なんて冷たく返してみる。そしたらあたしの気持ちに気付いてくれるんじゃないかな、って



「だよね〜!あんな可愛い子見れるなんて俺ってラッキー♪」



だけど、あたしがバカだった…気付いてくれるわけないよね



「あれ?どうかした?」



「なんでもない」



「そう?あ、あそこにいる子も可愛い〜」



………もう、溜め息しか出ないや。

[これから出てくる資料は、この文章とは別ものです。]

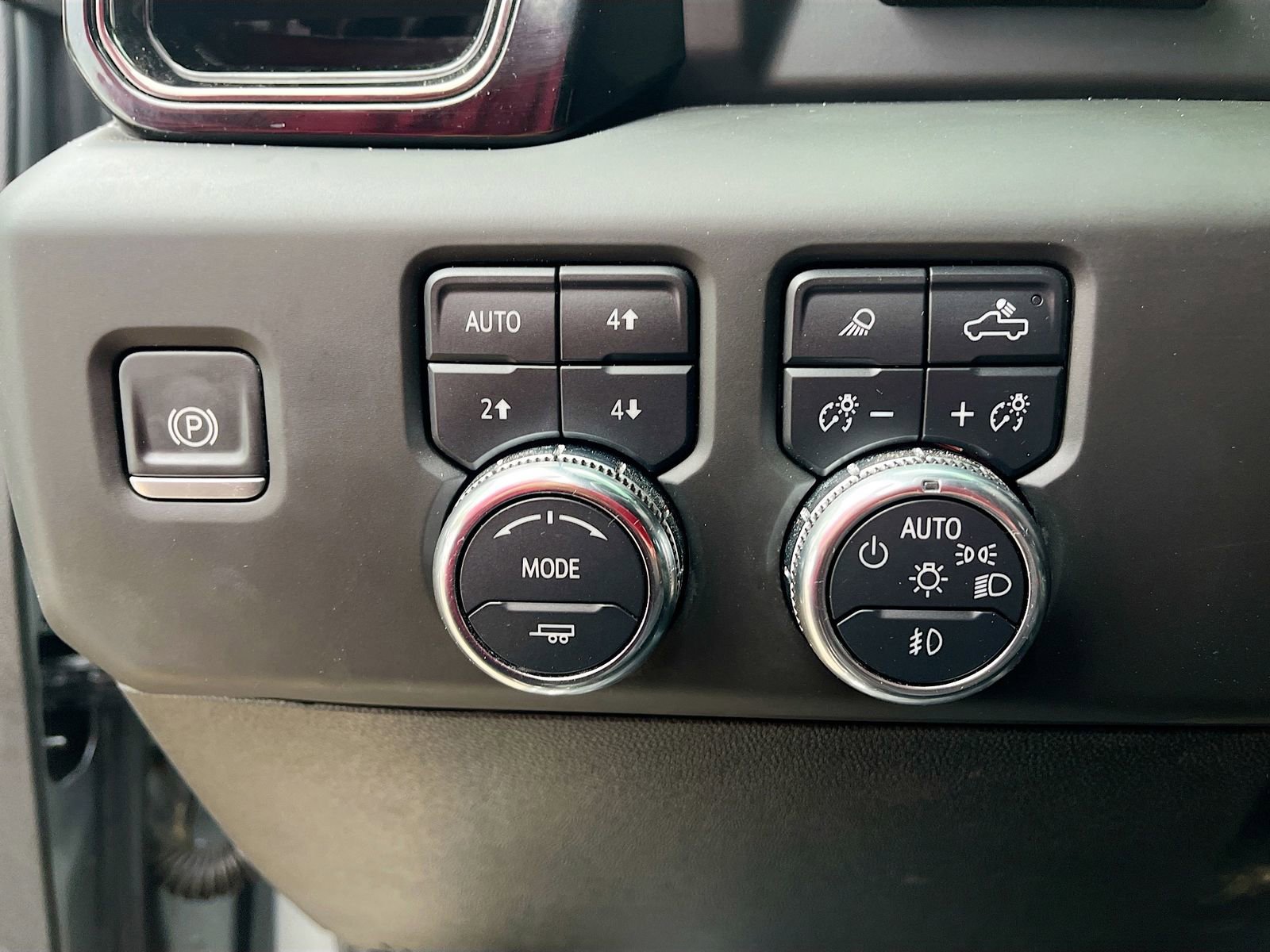 Used 2025 GMC Sierra 2500 AT4 w/ AT4 Premium Plus Package image 10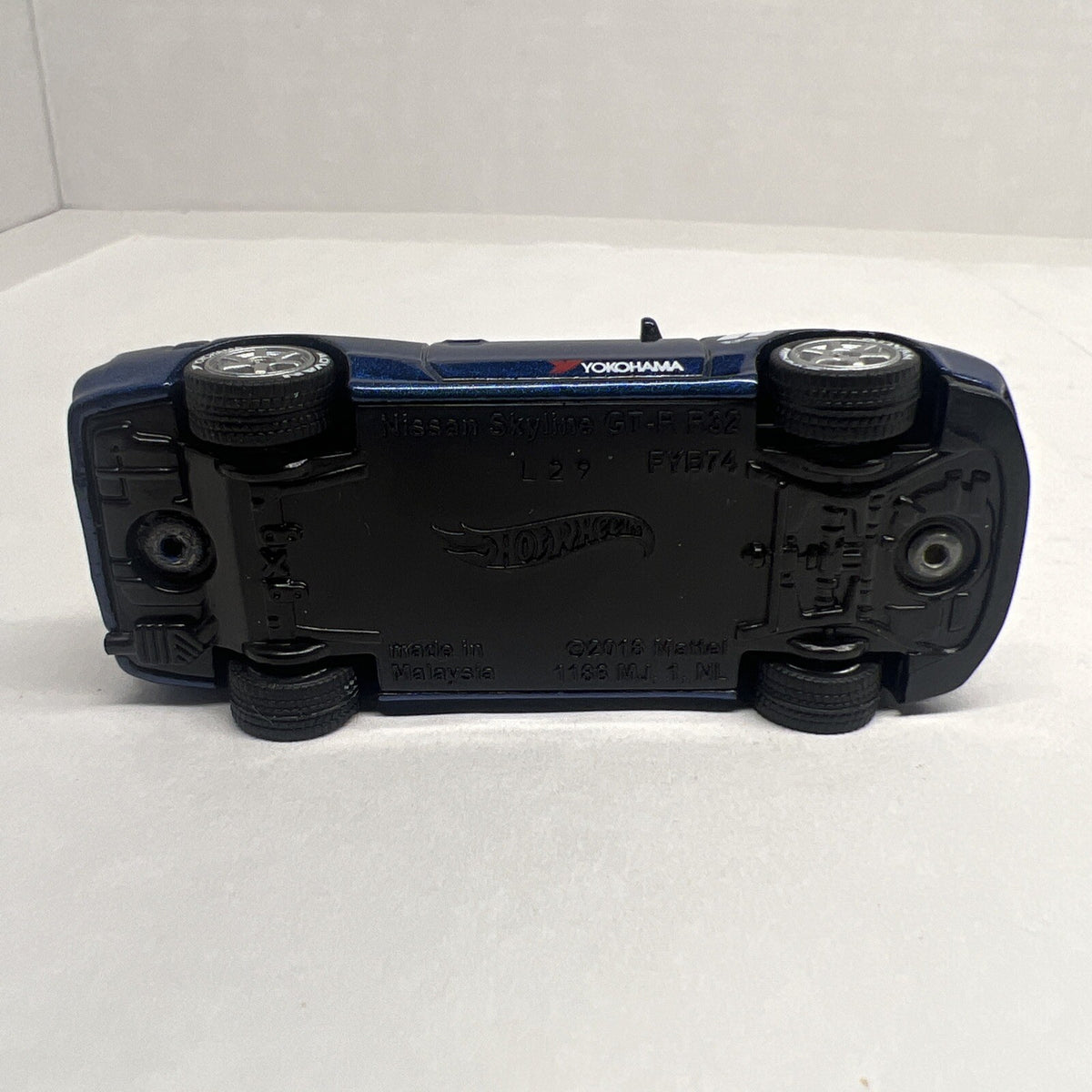 Hot Wheels Nissan Skyline GT-R R32 Dark Blue With Real Riders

そもそもあたし女に見られてないんじゃない?
ああ、なんか自分で言って落ち込む…

そんなことを悶々と考えていたら、肌が黒くて夏は見てるだけで暑苦しそうな男が2人近付いて来た。



「キミ可愛いね〜俺たちと一緒にお茶でもしない?」



「は?」



なに?この一昔前みたいなナンパ野郎…
さっきのこともあって、キレてたら見慣れたオレンジが目に飛び込んできた。




「ごめんね〜悪いけど、この子俺の彼女なんだ」



「キヨなに言っ…」



「しぃーっ!いーから黙ってて」



あたしの口はキヨの手で塞がれ、そう小声で言われる。



「ハァ?おまえ、さっきあっちにいる女ナンパしてただろ」



ナンパ男の言うことは意外に正論。
てか、見てたんだ。


「そーそー!だから、この子は俺たちに譲ってよ」



"譲って"って…あたしモノじゃないんですけど!



「はは…痛いトコ突かれちゃったな〜でも…」



キヨは一旦そこで切ると、今まで見たことのないような怖い顔になる。



「彼女をモノ扱いするようなヤツらに渡すわけにはいかないよ」



口調こそ柔らかいものの、キヨの顔は笑ってはいなかった。



「な、なんだコイツ!」



「お、おい!もう良いじゃん!行こうぜ!」



キヨの豹変ぶりに怯んだナンパ男たちはバタバタと急いで逃げて行く。



あーあ…もう嫌になる。
キヨはいっつも不意打ちなんだって。



「ふぅー…。ん?なんで笑ってんの?」



「なんでもない」



キヨがいつまでも不思議そうな顔するもんだから、あたしは思わずまた笑ってしまった。









あたしにキヨを好きな理由なんてなくったって良い。